To help you come to terms with any immediate anxiety or regret you may experience, permit yourself to wait it out. In other words, let the experience sink in.
It may take a while for you to grow into or get used to the tattoo. Also, remind yourself that if the anxiety or regret doesn’t pass, you have options to either cover it up or start the removal process.
And finally, if your tattoo is causing you extreme anxiety or depression, it might be time to seek expert help.
Talking with your doctor or a mental health professional about the root of your anxiety and depression can help you work through these feelings and possibly uncover other triggers or causes of your symptoms.
If you find yourself regretting the artwork that now covers your arm, the first thing you need to do is not be so hard on yourself. Because guess what? You’re not alone.
Lots of people have a change of heart days after they get a tattoo. The good news is you can always have it removed.
If your tattoo is still in the healing stages, take this time to review your options for removal and find a reputable professional to do it for you.
How long to wait to have it removed
Typically, you need to wait until your tattoo completely heals before even considering removal.
While healing time can vary, Dr. Richard Torbeck, a board-certified dermatologist with Advanced Dermatology, P.C., recommends waiting at least six to eight weeks after the tattoo before going for removal.
“This allows for delayed tattoo reactions to be resolved that can occur with some pigments,” he explains.
Additionally, it allows you to think through the process and decide if this is really what you want. Because like Torbeck points out, removal can be as permanent and painful as the tattoo itself.
Once you’re both physically and mentally ready to move forward with removal, it’s time to choose the best option for you.
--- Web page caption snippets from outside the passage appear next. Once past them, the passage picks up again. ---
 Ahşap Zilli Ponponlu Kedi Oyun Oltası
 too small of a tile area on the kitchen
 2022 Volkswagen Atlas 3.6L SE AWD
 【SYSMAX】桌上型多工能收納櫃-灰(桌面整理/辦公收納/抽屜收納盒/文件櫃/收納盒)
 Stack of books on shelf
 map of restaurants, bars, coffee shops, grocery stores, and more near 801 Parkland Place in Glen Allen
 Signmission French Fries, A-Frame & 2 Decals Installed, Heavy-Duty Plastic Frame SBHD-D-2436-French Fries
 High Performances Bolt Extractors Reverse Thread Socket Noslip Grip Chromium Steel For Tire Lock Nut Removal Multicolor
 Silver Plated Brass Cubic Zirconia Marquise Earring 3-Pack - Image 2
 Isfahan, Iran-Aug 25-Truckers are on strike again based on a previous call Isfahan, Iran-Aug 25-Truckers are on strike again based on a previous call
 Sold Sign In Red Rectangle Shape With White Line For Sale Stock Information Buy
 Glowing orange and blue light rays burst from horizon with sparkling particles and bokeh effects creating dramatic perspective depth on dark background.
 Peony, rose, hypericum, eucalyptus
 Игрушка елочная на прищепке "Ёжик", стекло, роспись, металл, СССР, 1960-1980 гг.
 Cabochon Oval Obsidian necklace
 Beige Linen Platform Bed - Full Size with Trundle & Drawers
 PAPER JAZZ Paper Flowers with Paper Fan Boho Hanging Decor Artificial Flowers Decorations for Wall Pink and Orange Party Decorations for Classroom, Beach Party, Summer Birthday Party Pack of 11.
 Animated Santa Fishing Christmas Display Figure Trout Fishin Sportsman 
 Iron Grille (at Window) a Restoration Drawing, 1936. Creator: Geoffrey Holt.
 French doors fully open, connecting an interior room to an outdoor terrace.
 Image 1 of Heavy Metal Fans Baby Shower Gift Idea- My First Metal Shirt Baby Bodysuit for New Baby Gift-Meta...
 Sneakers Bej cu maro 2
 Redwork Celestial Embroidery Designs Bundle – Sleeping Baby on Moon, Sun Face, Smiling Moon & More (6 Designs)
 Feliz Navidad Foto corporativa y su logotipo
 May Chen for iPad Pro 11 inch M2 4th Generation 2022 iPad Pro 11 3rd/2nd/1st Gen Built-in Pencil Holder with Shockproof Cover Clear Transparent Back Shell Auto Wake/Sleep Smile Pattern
“The most common and effective way to remove tattoos is by laser treatments,” says Dr. Elizabeth Geddes-Bruce, a board-certified dermatologist at Westlake Dermatology.
“Sometimes patients elect to scar the area instead, and mechanical dermabrasion can sometimes be effective in doing so,” she adds.
Lastly, Geddes-Bruce says you can have a tattoo surgically removed by excising the skin and covering the area with a graft or closing it directly (if there’s enough skin available to do so).
All of these options are best discussed and performed by a board-certified dermatologist.
“The cost of tattoo removal depends on the size, complexity of the tattoo (different colors require different laser wavelengths so treatment will take longer), and the experience of the professional removing your tattoo,” explains Geddes-Bruce.
It also varies widely by geographical region. But on average, she says it probably ranges from $200 to $500 per treatment.
For removal of gang-related tattoos, several reputable tattoo removal services can provide free tattoo removal. Homeboy Industries is one such organization.
Getting a tattoo is exciting, symbolic, and, for some, a significant milestone in their life. That said, it’s also normal to feel regret in the days, weeks, or months after getting a tattoo.
The good news is there are things you can do before and after getting a tattoo that can help you work through any anxiety or regret. Just remember to acknowledge how you feel, give it some time, and talk with someone you trust before you make a decision about how to proceed.